A negativa acabou sendo justificada por problemas de agenda. Entretanto, especulou-se que ele teria declinado da possibilidade diante do cenário político instável atravessado pelo país desde o impeachment de Dilma Rousseff, ocorrido um ano antes.

Em mensagem em vídeos transmitida na missa do dia 12 de outubro de 2017, o papa criticou o “problema da corrupção do país”.

Devoção nacional

E como foi que a santinha foi parar no rio?

Conforme aponta o jornalista Rodrigo Alvarez no livro Aparecida – A Biografia da Santa que Perdeu a Cabeça, Ficou Negra, Foi Roubada, Cobiçada pelos Políticos e Conquistou o Brasil, o mais provável é que alguém a tenha descartado porque ela estava quebrada – e muitos acreditam que ter uma imagem quebrada de santo pode dar azar.

Já a cor original da santa muito provavelmente não era negra.
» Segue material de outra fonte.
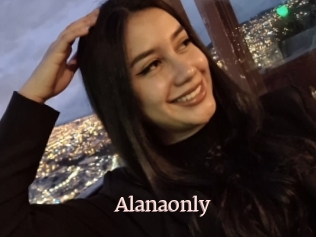 Alanaonly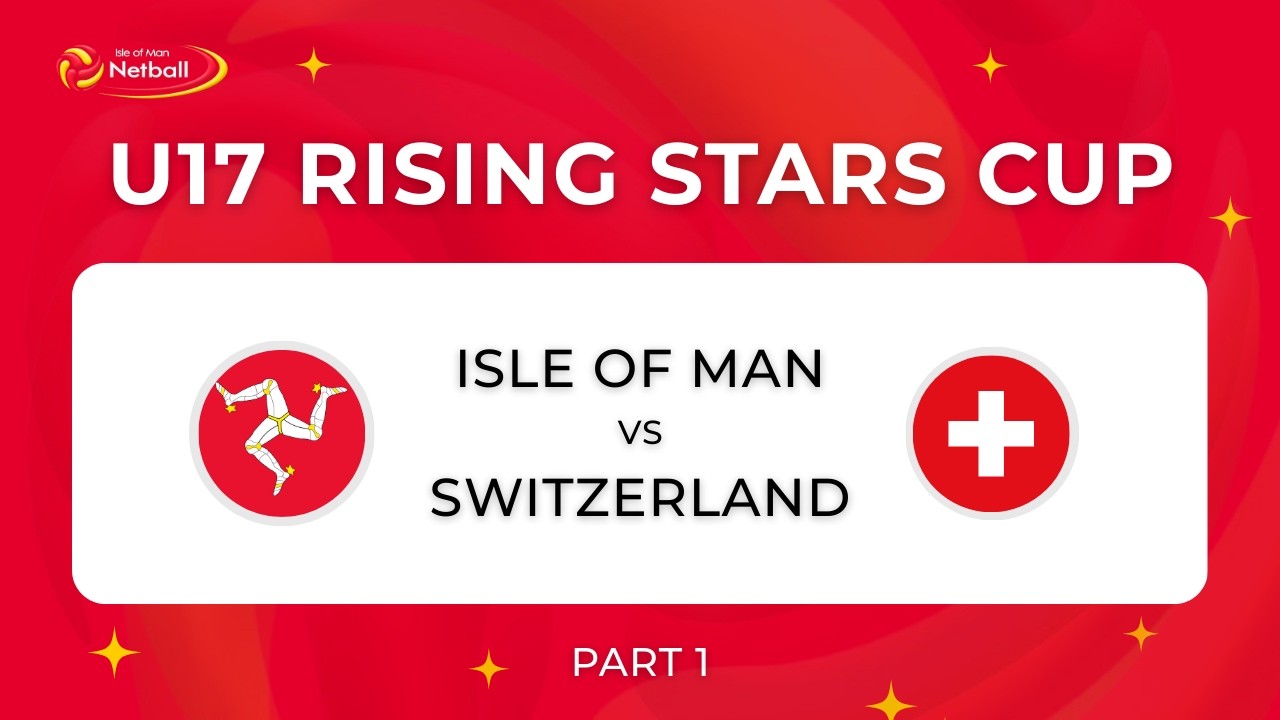 Isle of Man vs Switzerland (Part 1) | U17 Rising Stars Cup 2026 | International Netball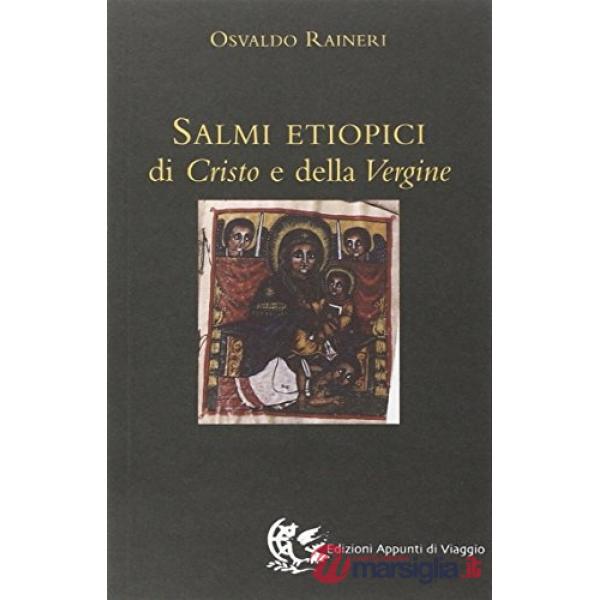 Salmi etiopici di Cristo e della Vergine (I)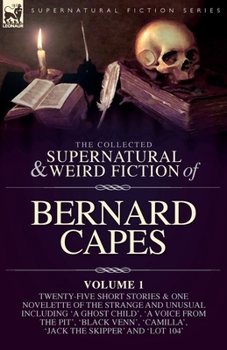 The Collected Supernatural and Weird Fiction of Bernard Capes. Volume 1: Twenty-Five Short Stories & One Novelette of the Strange and Unusual ... 'Camilla', 'Jack the Skipper' and 'Lot 104'
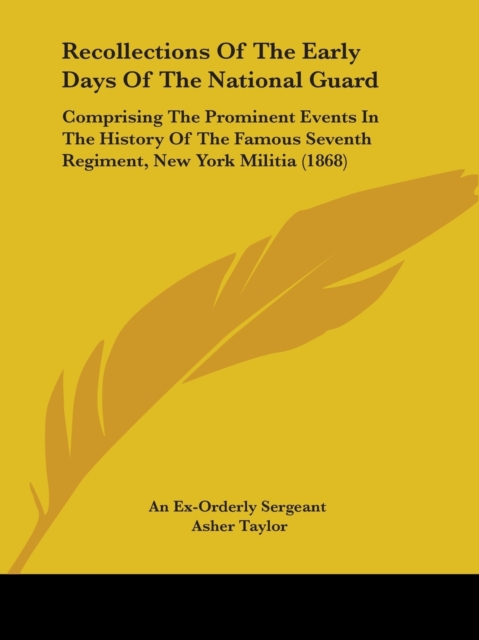 Recollections Of The Early Days Of The National Guard : Comprising The Prominent Events In The History Of The Famous Seventh Regiment, New York Militia (1868), Paperback / softback Book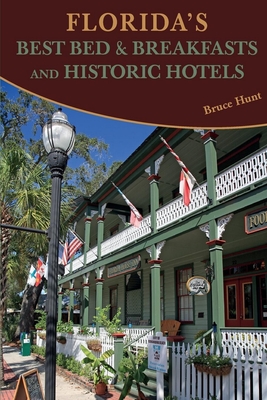 Florida's Best Bed & Breakfasts and Historic Hotels By Bruce Hunt Cover Image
Ficar anos sob as águas deve ter tornado a imagem escura tal e qual a conhecemos.

De acordo com especialistas, entretanto, a devoção a Nossa Senhora Aparecida demorou para se espalhar em todo o Brasil. Para o teólogo e filósofo Fernando Altemeyer Júnior, professor de Ciências da Religião da Pontifícia Universidade Católica de São Paulo (PUC-SP) e autor de um capítulo de livro que a Editora Paulinas prepara sobre a devoção mariana no Brasil, esta fama de Nossa Senhora Aparecida se espalhou mesmo com o trabalho realizado pelos missionários da Congregação Redentorista, que iniciaram os serviços em Aparecida em 1895.

“Lentamente, a devoção popular acabou assumida pela Igreja Católica. O fervor foi amplificado com a chegada dos redentoristas e, depois, com a construção da Rodovia Dutra. Estrategicamente, Aparecida fica no meio das duas metrópoles, Rio e São Paulo”, aponta o teólogo. “Antes, a devoção estava concentrada no Vale do Paraíba e Sul de Minas.”

“Havia uma devoção, mas não em nível nacional, como hoje”, diz o historiador e pesquisador Paulo Rezzutti.

No seu livro D. Pedro: A História Não Contada, ele relata que o próprio primeiro imperador do Brasil visitou a igrejinha onde a santa estava exposta. Aparecida foi uma das paradas do percurso que Pedro fez, a cavalo com uma comitiva, entre Rio e São Paulo, em agosto de 1822.

Viagem esta que acabaria terminando com a declaração da Independência do Brasil, às margens do rio Ipiranga.

Memorialistas populares afirmam que o monarca teria feito uma promessa ali: se ele se tornasse governante do Brasil, transformaria Nossa Senhora na padroeira do país.

Isto nunca ocorreu. “Em 1826, o Brasil ganhou seu primeiro padroeiro: São Pedro de Alcântara, por solicitação de dom Pedro 1º ao papa”, conta Rezzutti. “Esse santo era de devoção particular da família imperial. É de onde vem o nome Alcântara, que está no nome completo tanto de Pedro 1º quanto de Pedro 2º.”

Para o pesquisador e estudioso de santos José Luís Lira, fundador da Academia Brasileira de Hagiologia, a devoção a Nossa Senhora Aparecida só ultrapassou os limites da então Vila de Santo Antônio de Guaratinguetá, região da descoberta da imagem, quando começaram a se espalhar as histórias de milagres.

“Há o relato da libertação de um escravo chamado Zacarias, preso por grossas correntes que, quando passou pela igreja construída para abrigar a imagem da santa, pediu ao feitor permissão para rezar. Ajoelhado diante de Nossa Senhor Aparecida, as correntes que o prendiam teriam se soltado, tornando-se ele então livre”, conta Lira.

Princesa Isabel e a coroa

Outro relato lembrado por Lira diz respeito à neta de dom Pedro 1º, a princesa Isabel.

“Em 1868, conta-se que ela foi a Aparecida pedir proteção de Nossa Senhora Aparecida para conseguir ter um filho. Já estava casada há quatro anos, sem conseguir engravidar”, conta o hagiólogo. “Em 1874, Isabel teve uma criança, natimorta, e, entre 1875 e 1878, teve três filhos, que garantiriam a sucessão imperial.”

Em novembro de 1888, um ano antes da Proclamação da República do Brasil, a princesa teria retornado para Aparecida. Levou uma doação preciosa, conforme afirma Lira: uma coroa de ouro cravejada de diamantes e rubis e um manto azul.